Madenlerin güvenliğinin sağlanmasında hem işçilerin hem de işverenlerin üzerine düşen sorumluluklar bulunmaktadır. Maden güvenliği açısından, işçilerin kişisel koruyucu ekipmanları doğru ve etkin kullanması, madende çalışırken dikkat ve özen yükümlülüğünü yerine getirmesi, diğer işçileri ve madeni tehlikeye düşürecek davranışlardan kaçınması gerekmektedir. Bu nedenle, maden işçileri açısından “iş sağlığı ve güvenliği” kültürünün tam olarak yerleştiğini de söylemek mümkün olmamaktadır.

Türkiye, maden ocaklarında “iş sağlığı ve güvenliği” anlayışının yerleşmesi için uluslararası düzenlemelerle uyumlu hareket etmektedir. Bu doğrultuda, pek çok yasal düzenleme yapılmıştır. Bununla beraber, Türkiye’de maden ocaklarında iş sağlığı ve güvenliği tam olarak da tesis edilmiş durumda değildir; bunun nedeni “kanuni düzenlemelerin uygulamayla örtüşmemesi” ve “uygulamanın kanuni düzenlemeleri takip etmemesi” şeklinde ifade edilmektedir. Maden kazaları değerlendirilirken sadece maddi kayıplar ve iş gücü kaybı değil, insan faktörü de dikkate alınmalıdır. Maden kazaları neticesinde maden kazalarının şiddetine göre kaza mağduru işçi iş göremez bir hâle gelebilmekte ya da hayatını kaybedebilmektedir; bu da telafisi olmayan sonuçlar doğurmaktadır. Bu yüzden, iş kazalarını önlemedeki ilk hedef, çalışan kişinin hayatının güvence altına alınmasıdır. Bu güvence sağlandığı zaman maliyetler ve iş gücü kaybı da azalmaktadır. Madenlerde işletme düzeyinde bütün önlemler alınmış olsa bile, kazanın tanımından da anlaşılacağı üzere bazı riskler önceden tahmin edilememektedir. Bu nedenle ihmal ve kusur olmasa bile alınan önlemlere rağmen bireysel problemler sonucu oluşmuş kazalara rastlanmaktadır. Bu noktada psikososyal risk etmenleri dikkate alınmalıdır. Bu raporda sunulan önlemlerin ilgili kurumlar tarafından dikkate alınarak uygulanmasının Türkiye'de birçok sorunu çözeceğini düşünmekteyiz.

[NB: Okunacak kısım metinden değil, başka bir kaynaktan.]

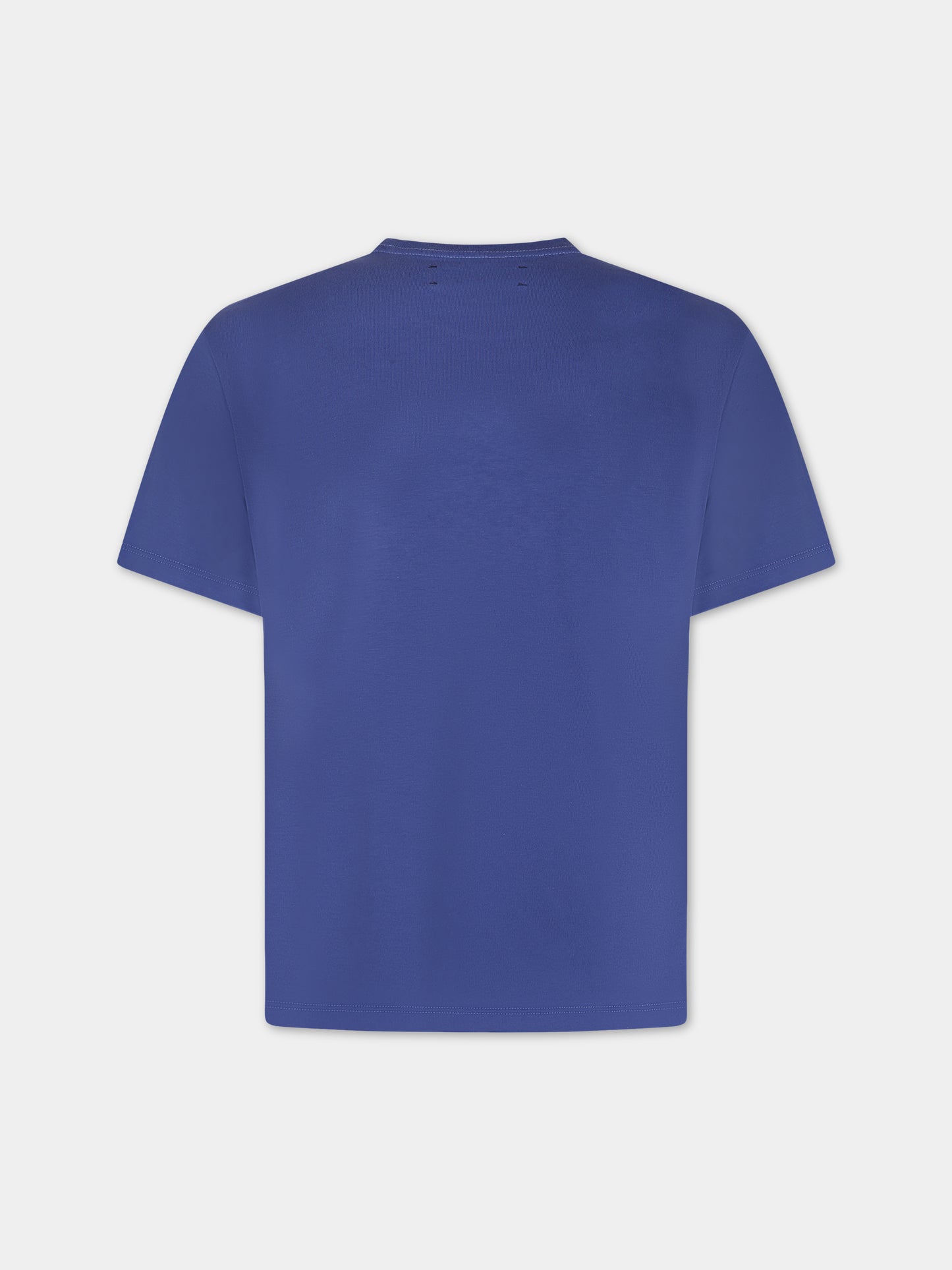 T-shirt blu per bambini con tigre e logo,Amiri,PF23KJT002 420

Kıymetli milletvekilleri, 27’nci Yasama Döneminin son konuşmalarını yapıyoruz. Bu nedenle altını çizmek istediğim bir husus var: Bitmekte olan dönem, Cumhurbaşkanlığı hükûmet sisteminin ilk uygulama dönemini oluşturmuştur. Cumhurbaşkanlığı yönetim sistemiyle Türkiye Büyük Millet Meclisinin demokratik, siyasi denetiminin nasıl işlediğini hepimiz birlikte gördük. Demokrasinin müzakereci boyutlarının ne denli güçlendiğini seçim sürecinde genişlemiş olan ittifaklar ortaya koymaktadır. Birbirinden farklı anlayışların böyle bir araya gelmesini açıklarken sadece Cumhur İttifakı karşıtlığı yetmez. Bu sistemin siyasal kadroları bir düzlemde uzlaşmaya çağırdığını da görmek lazımdır.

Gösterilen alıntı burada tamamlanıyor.